Have we arrived at the practically endless sports season?
THE baseball season begins next week as far as we're concerned - the way it used to before everybody got greedy and expanded the schedule at both ends. We just can't get accustomed to the earlier (and earlier) date for the opening game. It's bad enough for batters to have to hit the baseball while squinting into a background of white shirts in the bleachers in July. But when they have to pick up a slow curve in the middle of a snow squall in the first week of April - that's carrying a good thing too far.
Why baseball players can't suffer manfully in Florida until May is beyond us. It's not as if nobody knew what baseball in April is like up North. Back in 1912 , before spring training was invented - April 9, to be exact - snow fell on the first game ever played in Boston's Fenway Park.
New England weather being what it is, even late April can be risky enough. Fifty years later, on April 25, 1962, the temperature at Fenway Park dropped from 78 to 58 degrees in 10 minutes.
Just because baseball is the national pastime doesn't mean we have to attach earmuffs to our baseball caps and enjoy the game 12 months a year.
If we won't feel sorry for ourselves in early April and late September, we should at least take pity on the poor pitchers, burning their fastballs at both ends.
If we were the President, we'd stay away from baseball fields as if they were Central America and refuse to throw out the first ball until the first week in May.
Why this desperate haste to begin the season? It's not as if little else sporting were going on. Here are just a few of the balls a fan has to juggle in the cool April air. Baseballs - coming. Basketballs - getting ready to go. Soccer balls - everywhere. And then some busybody had to invent spring football!
All the traditional boundaries that once separated sports seasons are down.

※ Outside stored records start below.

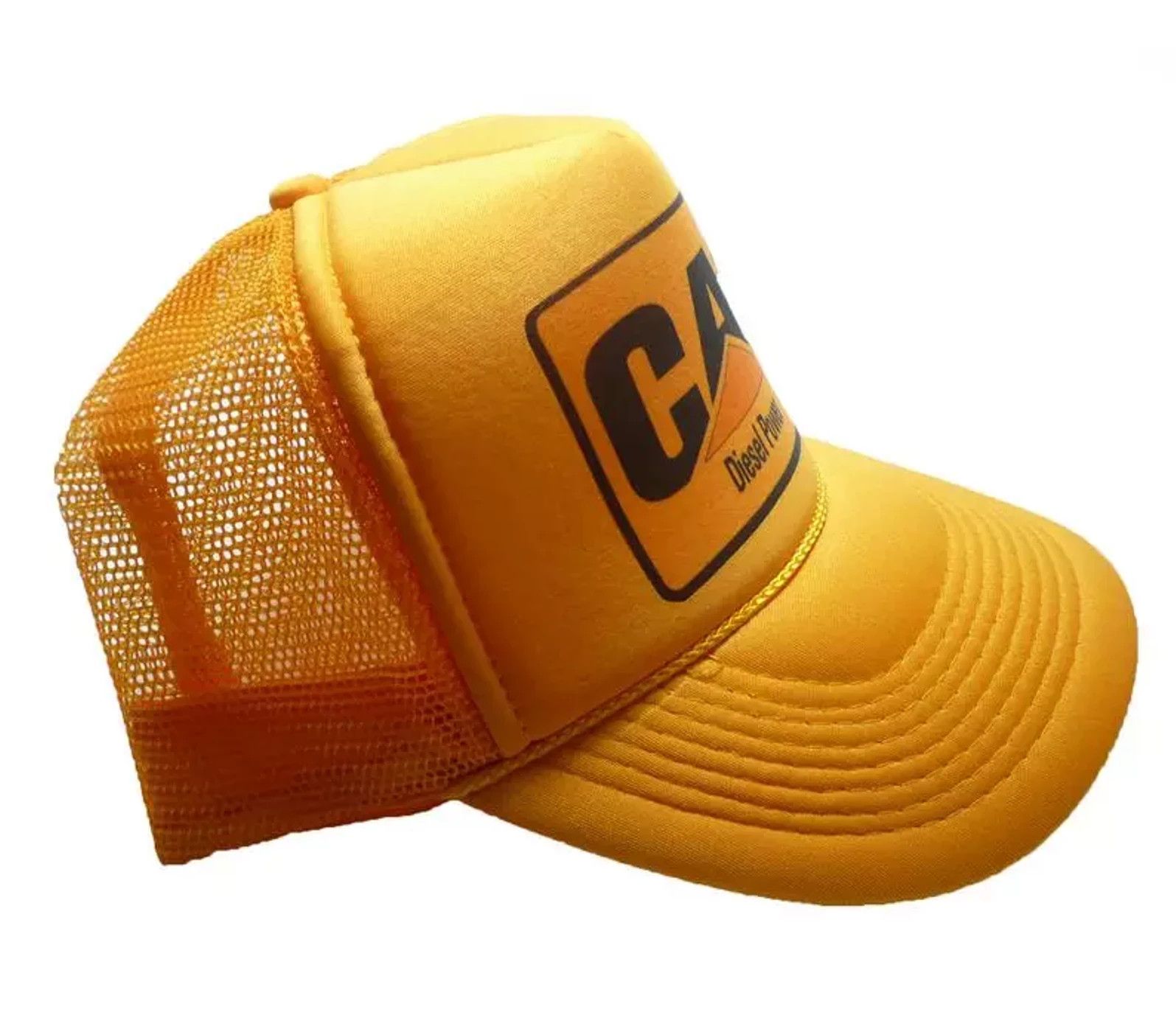 Caterpillar × Vintage New CAT Yellow Trucker Hat Size ONE SIZE - 3 Thumbnail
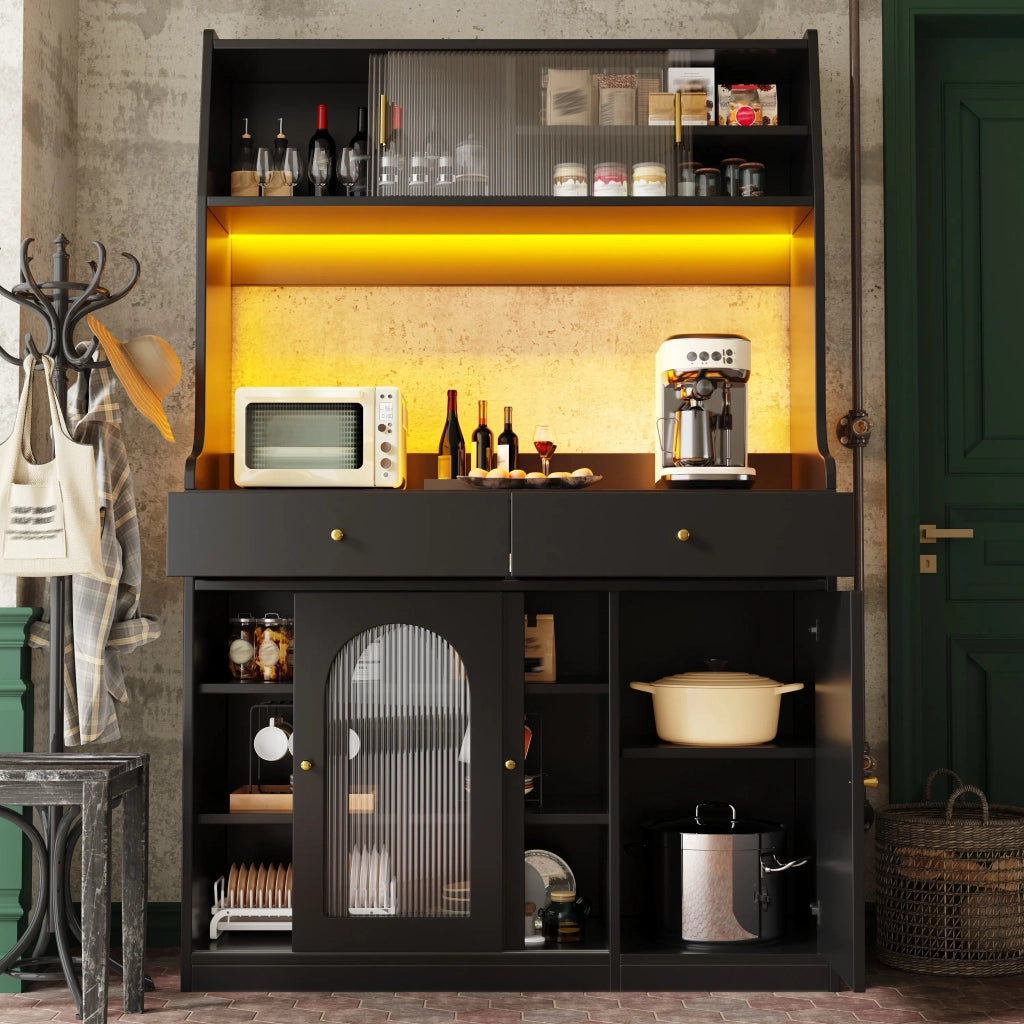 Credenza alta da cucina e sala da pranzo nera con ante a vetrina, 2 cassetti, ripiani regolabili e illuminazione LED a colori variabili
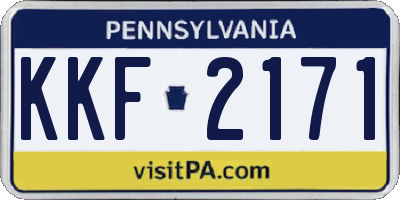 PA license plate KKF2171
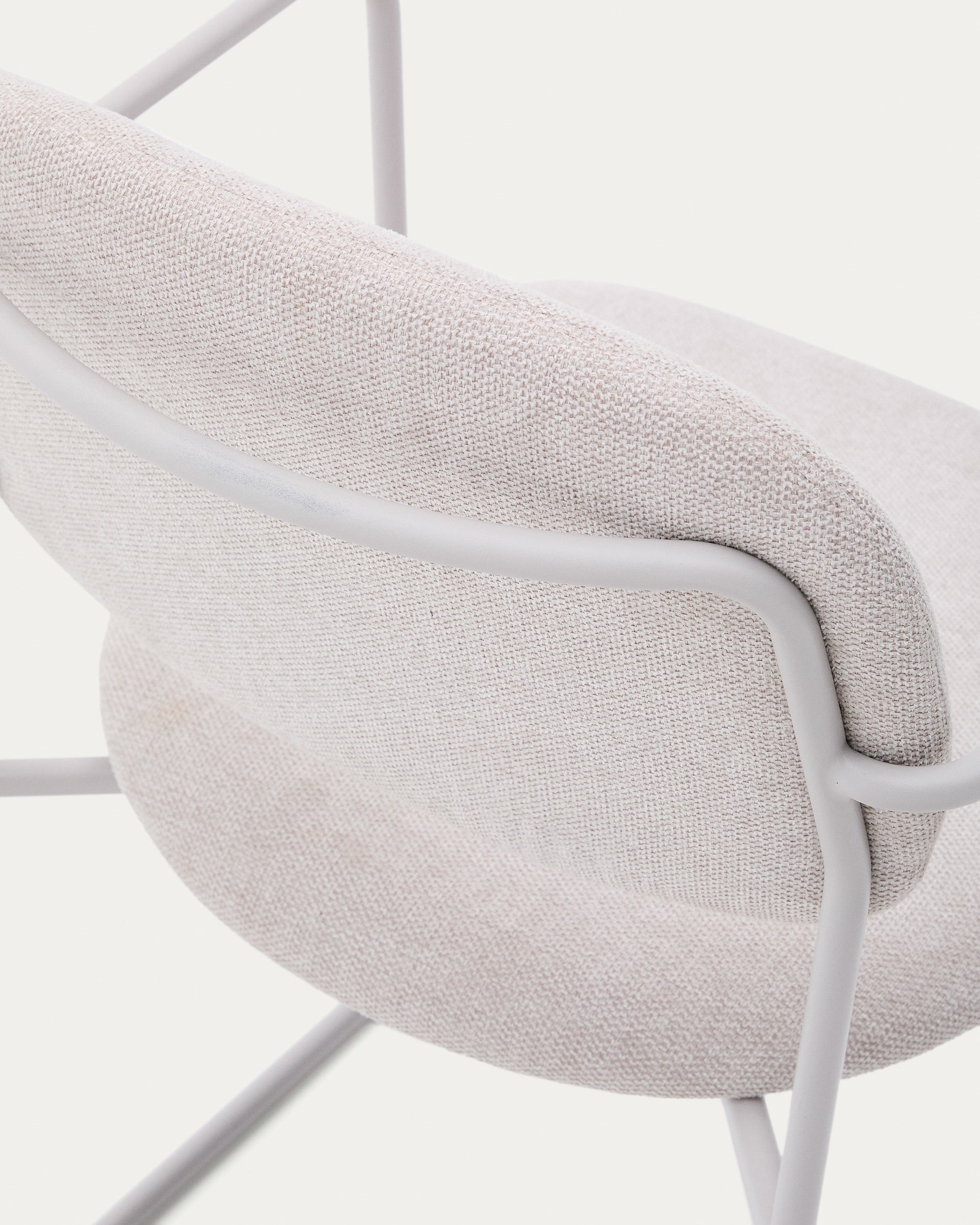 Meli chair in beige chenille with beige metal structure FSC Mix Credit - Detail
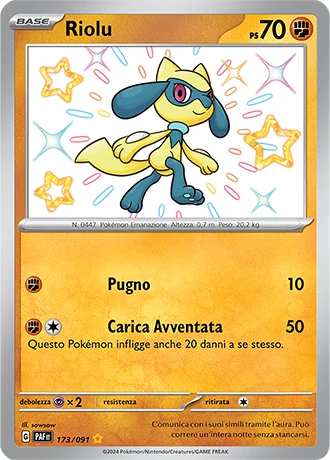 Riolu Destino di Paldea carta Pokémon italiana SSB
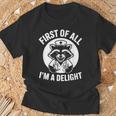 First Of All I'm A Delight アライグマ 看護師 面白い Tシャツ 高齢者への贈り物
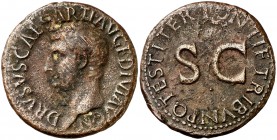 (23 d.C.). Druso. As. (Spink 1794) (Co. 2) (RIC. 45, de Tiberio). 10,76 g. Pequeñas incisiones en anverso. MBC.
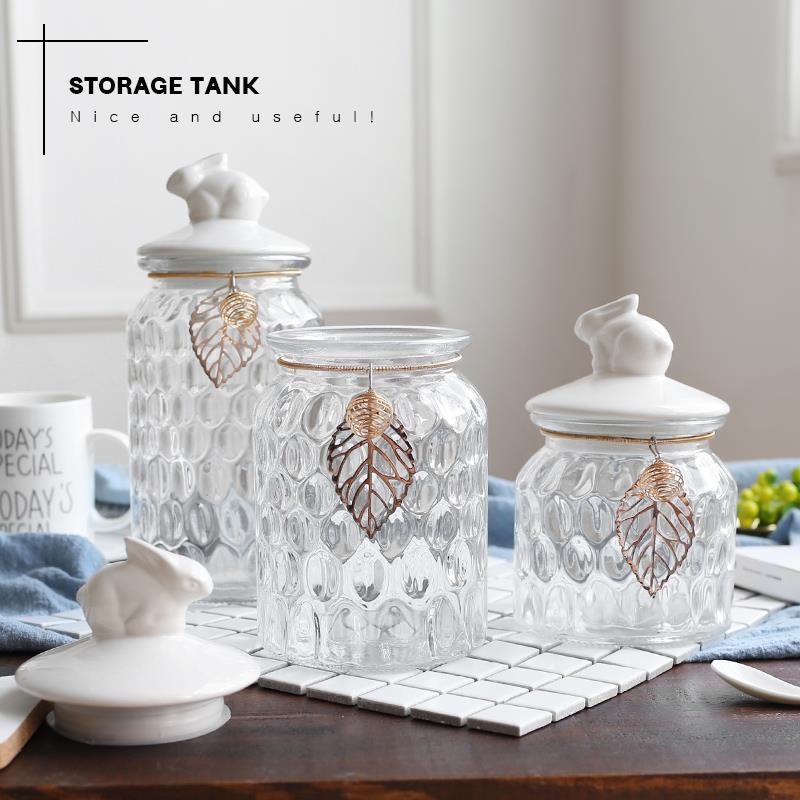 Glass Storage Canister Cookie Candy Penny Jar with Airtight Ceramic Lid Multifunctional Houlsehold Food Storage Container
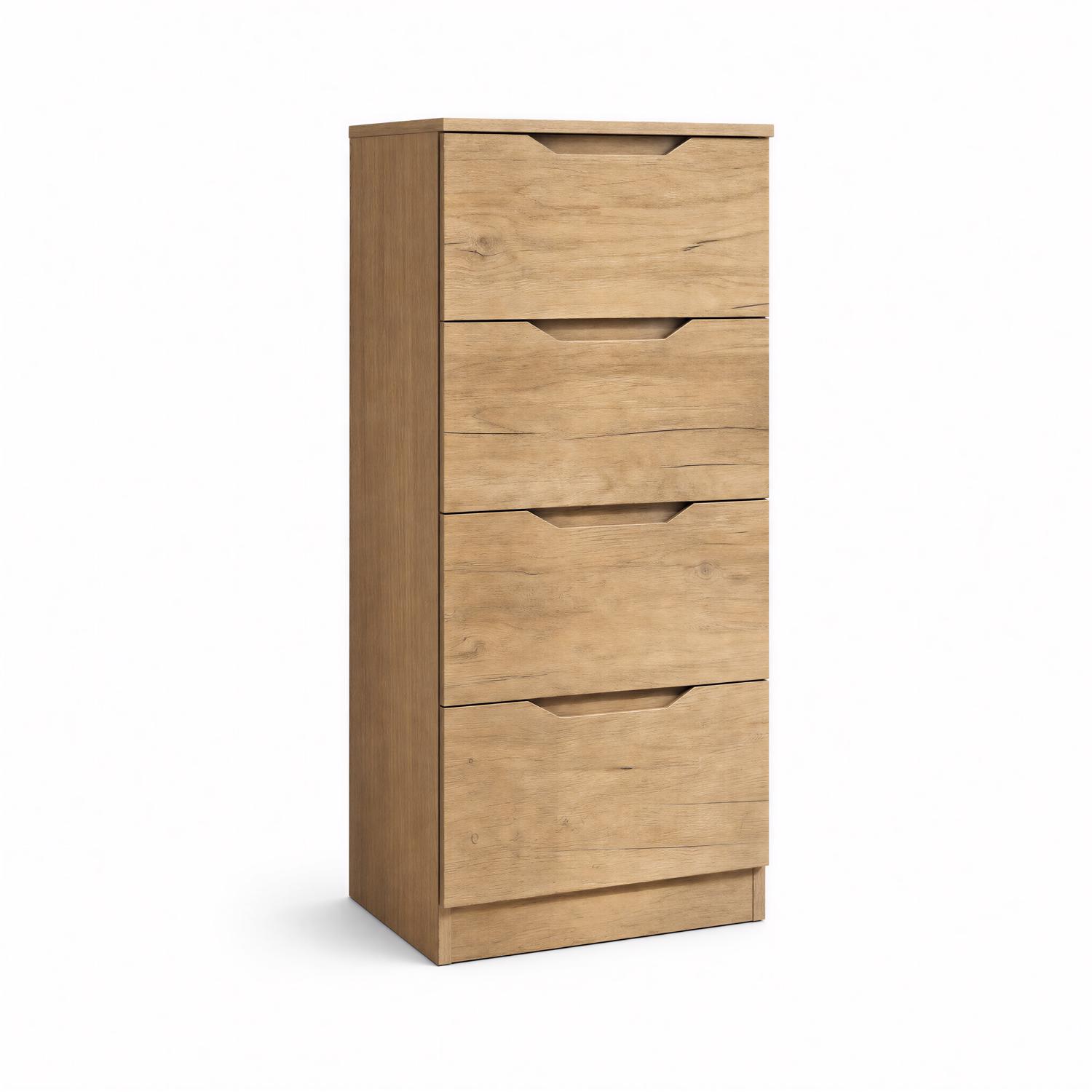 Luno 4 Drawer Tallboy Chest Of Drawers - Oak - Image 6
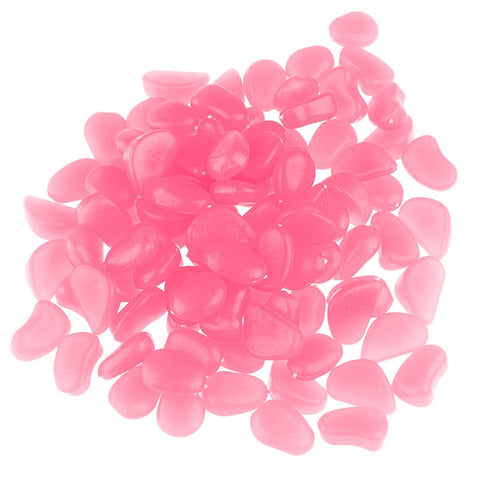 glow in the dark garden pebles pink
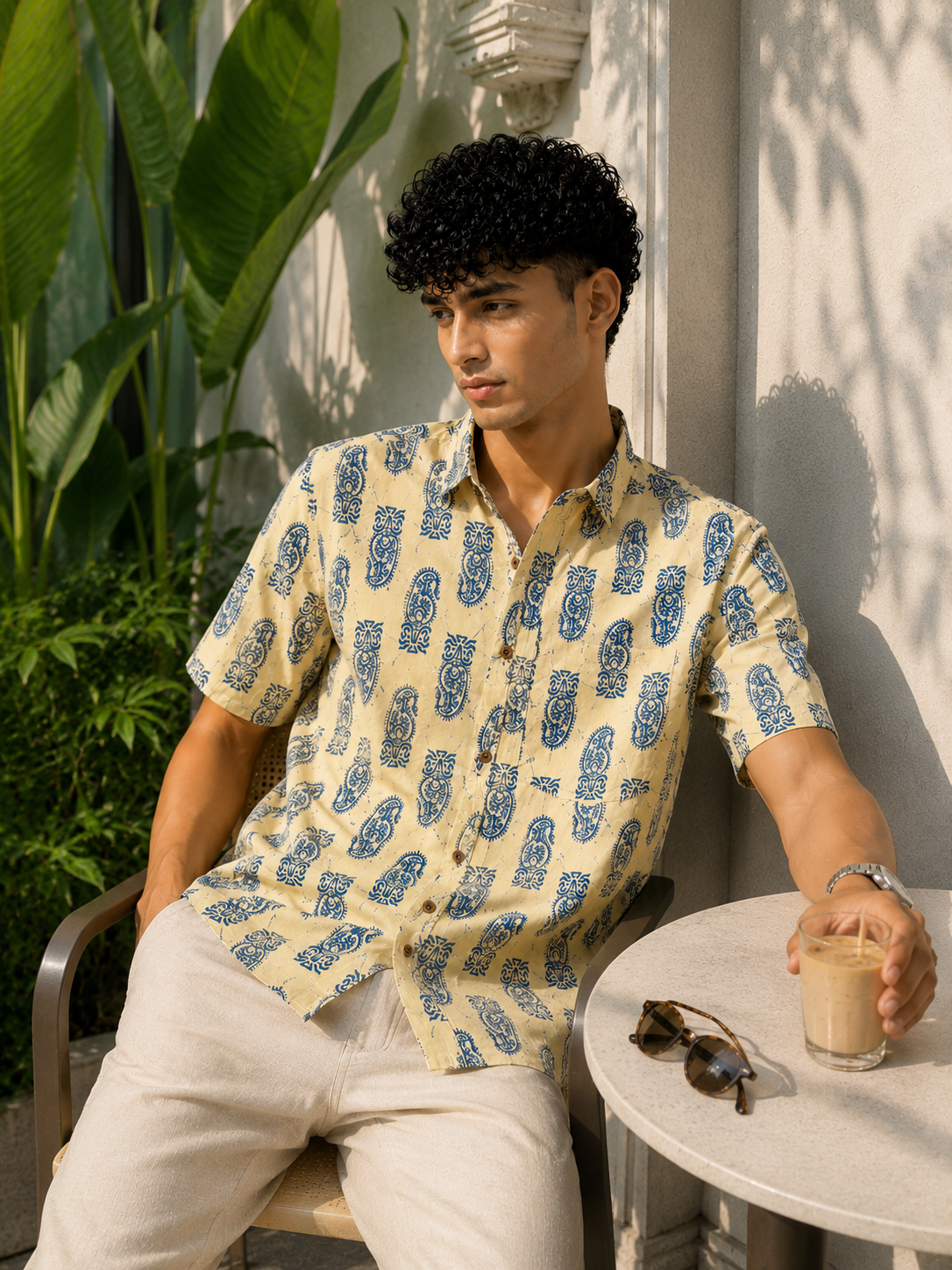 Men’s Beige Sanganeri Print Half Sleeve Cotton Printed Shirt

In the old days nobody would start a new season until the departing season had closed - any more than one would dig into one's apple pie before one had finished spooning up one's soup. But now if summer sports like baseball are invading winter, winter sports like hockey are invading summer.
While baseball's superstars are blowing on their blue fingers at the moment, perspiring hockey players are performing the annual Stanley Cup grope. We're referring to the inevitable warm April night when fog rises off the ice, leaving the Guy Lafleurs and Wayne Gretzkys wandering about the rink, looking for the puck, as if they were playing King Lear on the heath.
Athletic overlap is everywhere. While baseball shivered its way onstage, the world championship of curling had Duluth, Minn., in a tizzy. And the strong men of the National Open Wrestling championships were falling all over Virginia Beach, Va., as the very best of the joggers practiced getting on their toes for the Boston marathon.
Talk about your jocks competing against one another! And we haven't mentioned the sports that are always there.
Somewhere Tom Watson is forever teeing off - this week in Augusta, Ga., in still another championship of the month, the Masters.
The professional tennis ball never stops bouncing, 52 weeks a year, day and night. In his much-publicized feud with officials, John McEnroe has had to learn to be a furious man for all seasons.
We have come close to arriving at the endless sports season - not to mention the endless sports day, when you can turn on your cable TV at 3:30 in the morning and see auto racing.
The Romans only had gladiators and chariot races to divert them. We are diverted by every spectator sport ever invented - pretty much nonstop, with time out only for the commercials.
It sounds ominous for civilization. But look at it this way. In a country where we're constantly berating ourselves for our short attention span and lack of commitment, here we are, submitting ourselves to a presidential campaign that goes on for years - and a sports season that goes on forever. Who says Americans are soft?